Der Regen ließ nicht nach, im Gegenteil; die Tropfen wurden größer und trommelten unaufhörlich gegen die Scheibe. Ja - Francine hat in ihren jungen Jahren schon einiges erlebt. Manch’ geschickter Autor könnte daraus einen Bestseller formen.
Doch lassen wir Francine doch einfach mit ihren eigenen Worten erzählen.
„Ich bin jetzt 25 Jahre alt, 25 Jahre. Ein viertel Jahrhundert! Das klingt soviel und doch ist es sowenig. Wenn ich bedenke wieviele Jahre meines Lebens sinnlos waren, die besten Jahre meines Lebens einfach verschenkt...
Wie verschwommen doch die Welt durch diese nasse, große Scheibe ausschaut!? Alles verschwimmt zu einer Einheit. Ohne jegliche Grenzen. Alles verfließt ineinander. Ich kann nicht aufhören die Welt durch diese Scheibe zu betrachten....
Nach meiner Scheidung sollte ein neues Leben beginnen...
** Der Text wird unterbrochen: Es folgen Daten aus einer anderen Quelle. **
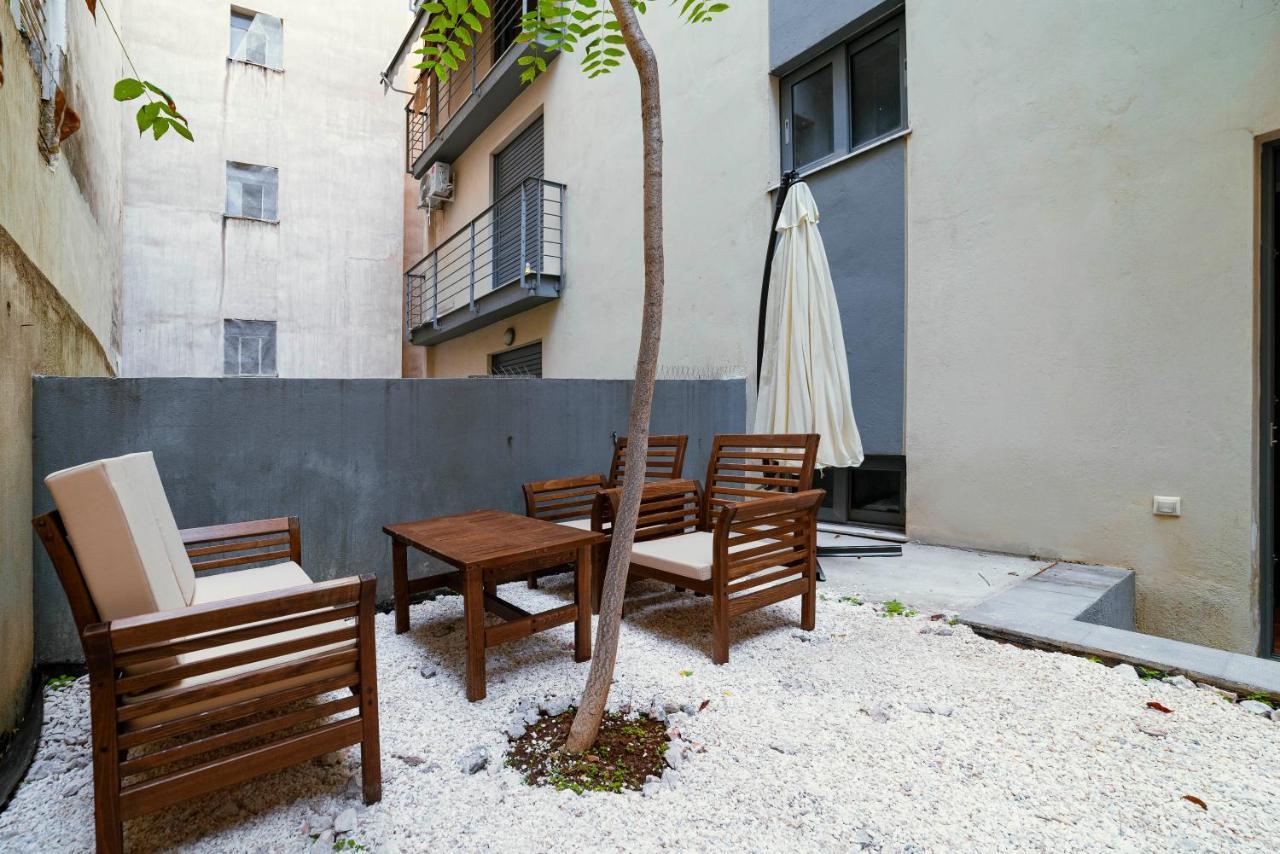 Lykabettus Gem With Yard And Parking Athens Exterior photo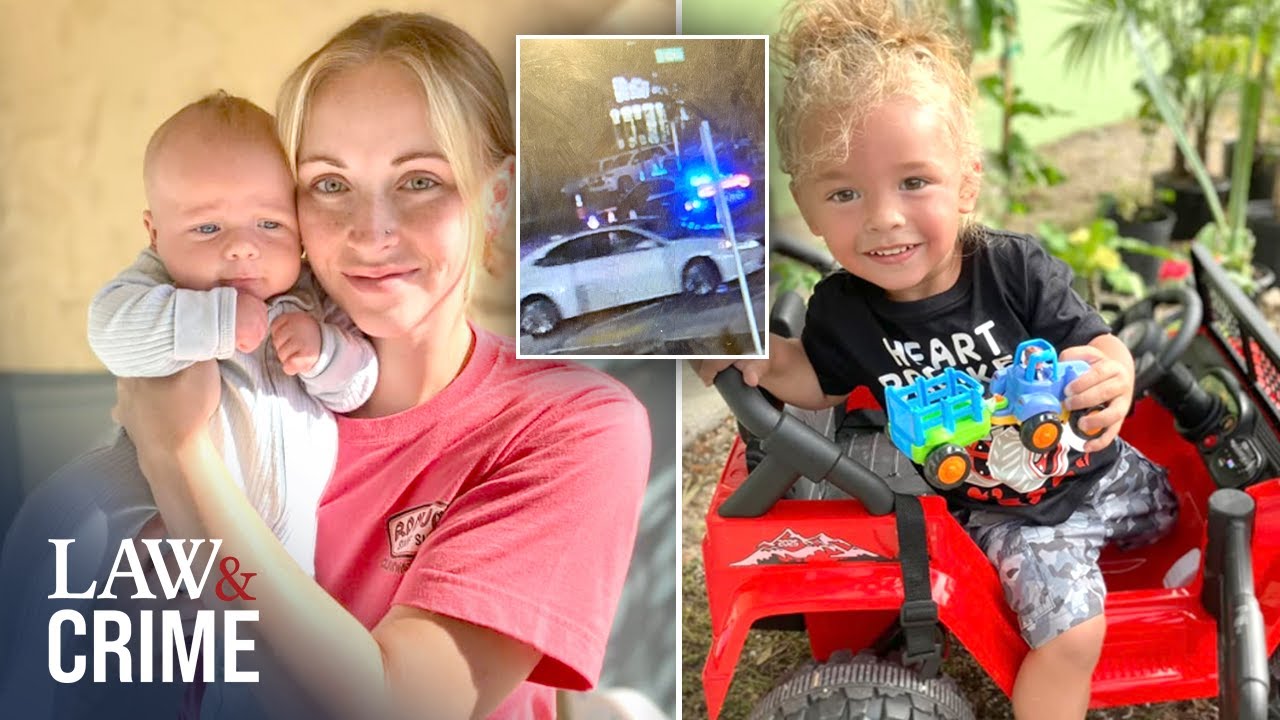 Kids Killed in Crosswalk by Florida Woman Driving Lexus: Cops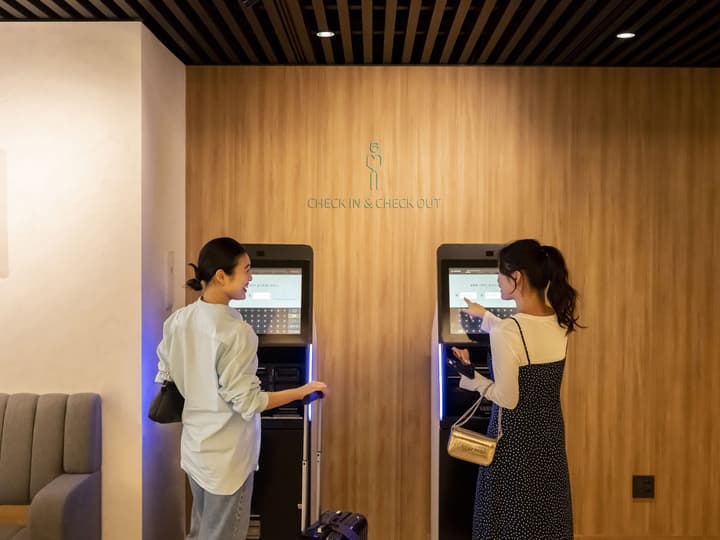 Prince Smart Inn Osaka Yodoyabashi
Mit meinen 22 Jahren in einer solch’ großen Wohnung! Wenn ich zwei Dinge hätte aussuchen müssen, auf die ich am ehesten hätte verzichten können, es wären wohl die Haustürklingel und das Telefon gewesen. Diese beiden Dinge waren wohl stummer als ein Stein in der Wüste. Zu dieser Zeit war das „Guten Morgen. Was darf es ein?“ - des Bäckers das längste Gespräch welches ich führte. Ich weiß nicht mehr ganz genau, wieviele Abende ich weinend vor diesem Fenster saß und an meiner Entscheidung Luke zu verlassen zweifelte. Mein Leben schien am Ende zu sein. Alles deutete daraufhin, daß ich eines Tages nicht mehr aufwachen würde, die einzigsten Menschen auf meiner Beerdigung wären die Sargträger und der Pfarrer. Diese Menschen würden genauso ihren Job erledigen wie der Bäcker am Morgen. Mein Leben schien wahrlich am Ende zu sein - und zwar bevor es eigentlich richtig begonnen hatte.
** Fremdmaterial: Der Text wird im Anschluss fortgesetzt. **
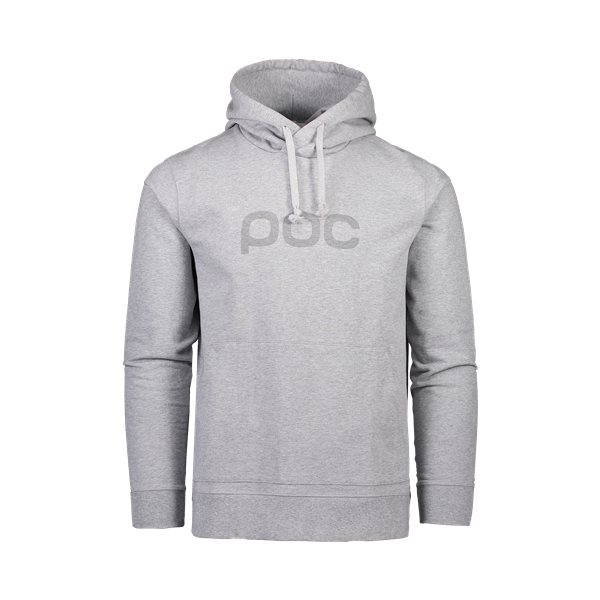 POC Hood Grey Melange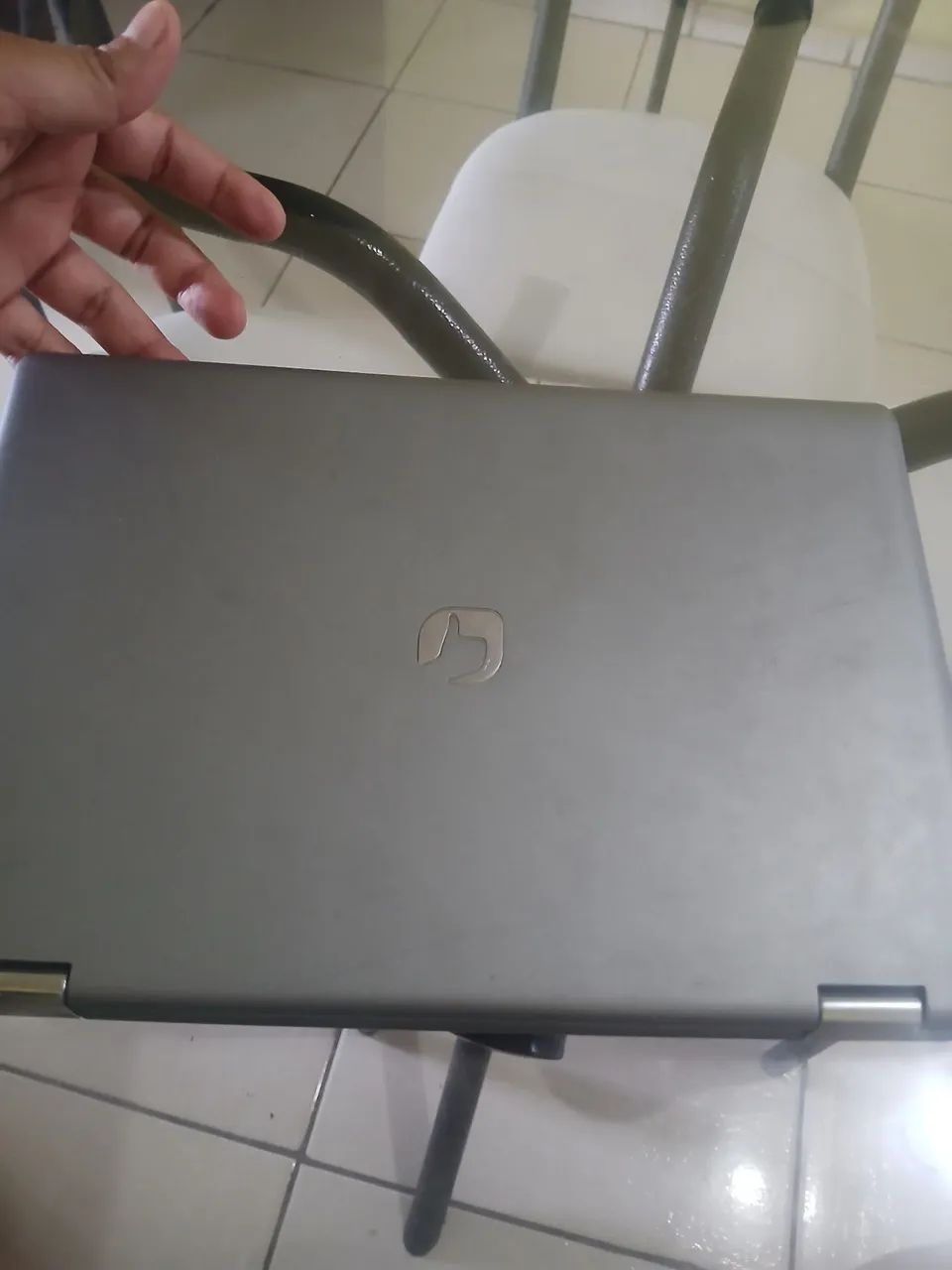 Notebook  convencivel  multiuso  - Foto 4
Doch dann kam dieser Morgen:
Ich war beim Bäcker und saß wie jeden Morgen um die gleiche Uhrzeit vor meinem Frühstückstisch: zwei Hörnchen, Marmelade, eine Schale Müsli, zwei Tassen Kaffee und die Morgenzeitung, die wie immer ungelesen auf dem Tisch liegen blieb. Ich haßte diese Angewohnheit, aber Luke konnte furchtbar wütend werden wenn ich sie mal vergaß oder es einfach keine mehr gab.
Ein völlig fremd gewordenes Geräusch sorgte für ein kräftiges Zucken in meinem Körper. Ich glaube kein Mensch kann sich vorstellen, daß eine einfache Haustürklingel eine solche Reaktion in einem hervorrufen kann.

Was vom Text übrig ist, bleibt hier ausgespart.